• _Recorded data_
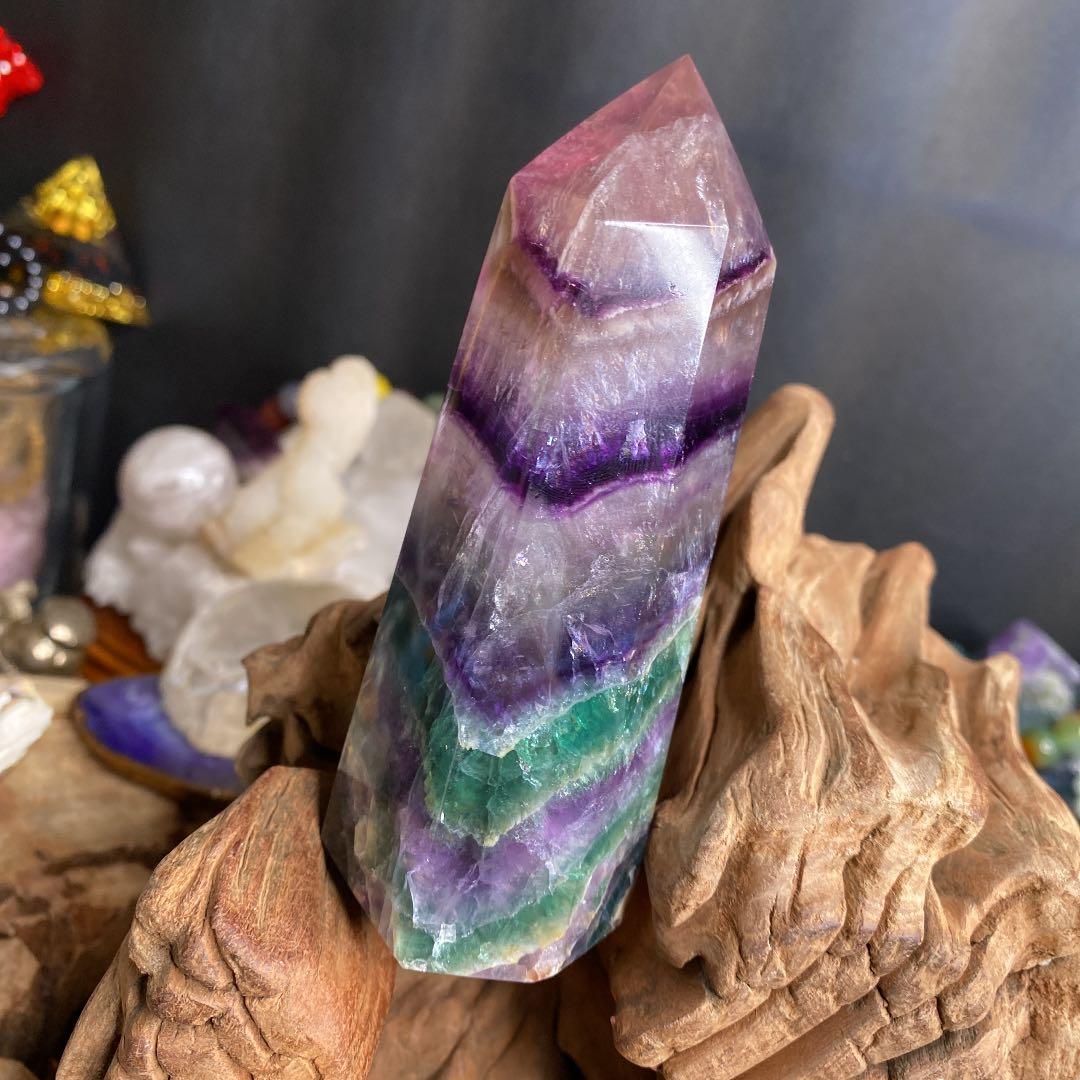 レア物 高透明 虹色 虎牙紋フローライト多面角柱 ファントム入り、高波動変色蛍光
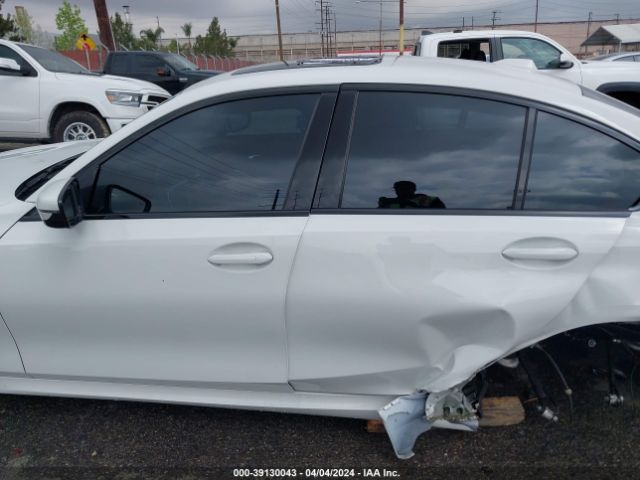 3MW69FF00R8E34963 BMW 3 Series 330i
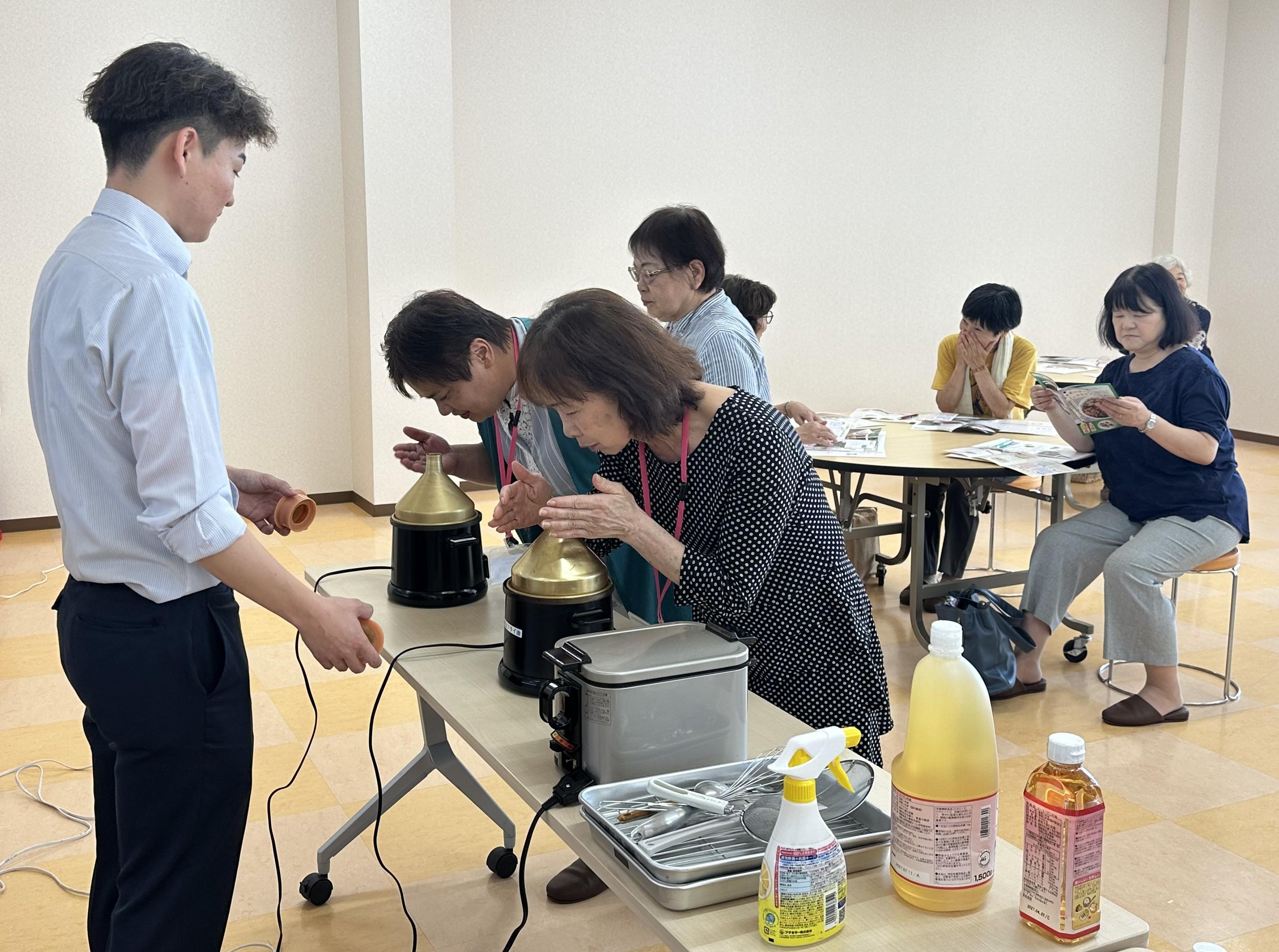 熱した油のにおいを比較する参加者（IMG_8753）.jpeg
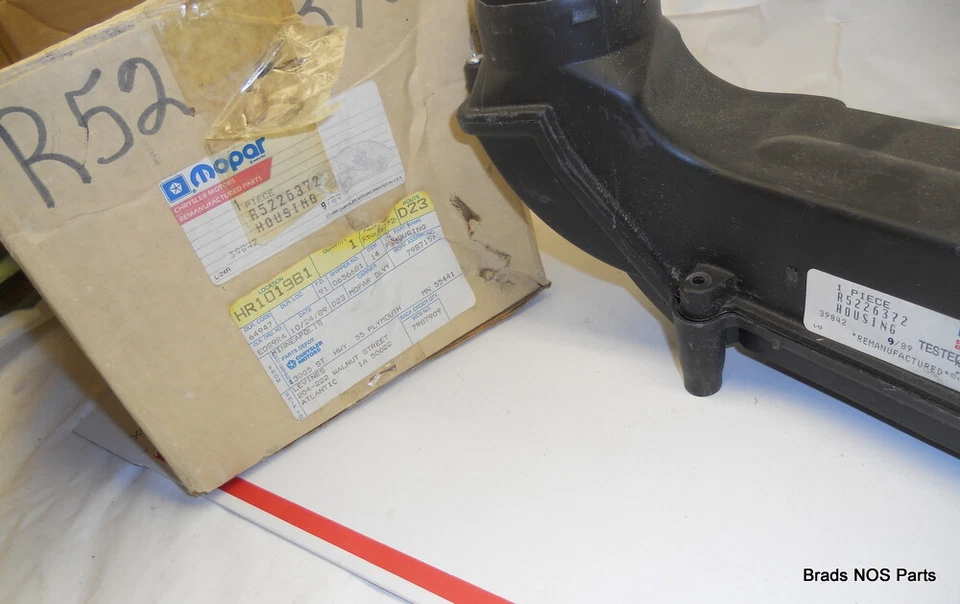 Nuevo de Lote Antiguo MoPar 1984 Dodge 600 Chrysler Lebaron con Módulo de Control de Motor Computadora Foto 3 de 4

• _Task to complete_
Pictures are to be left out; repeat all the remaining data exactly.

• _Answer to the problem_
 レア物 高透明 虹色 虎牙紋フローライト多面角柱 ファントム入り、高波動変色蛍光
 3MW69FF00R8E34963 BMW 3 Series 330i
 熱した油のにおいを比較する参加者（IMG_8753）.jpeg
 Nuevo de Lote Antiguo MoPar 1984 Dodge 600 Chrysler Lebaron con Módulo de Control de Motor Computadora Foto 3 de 4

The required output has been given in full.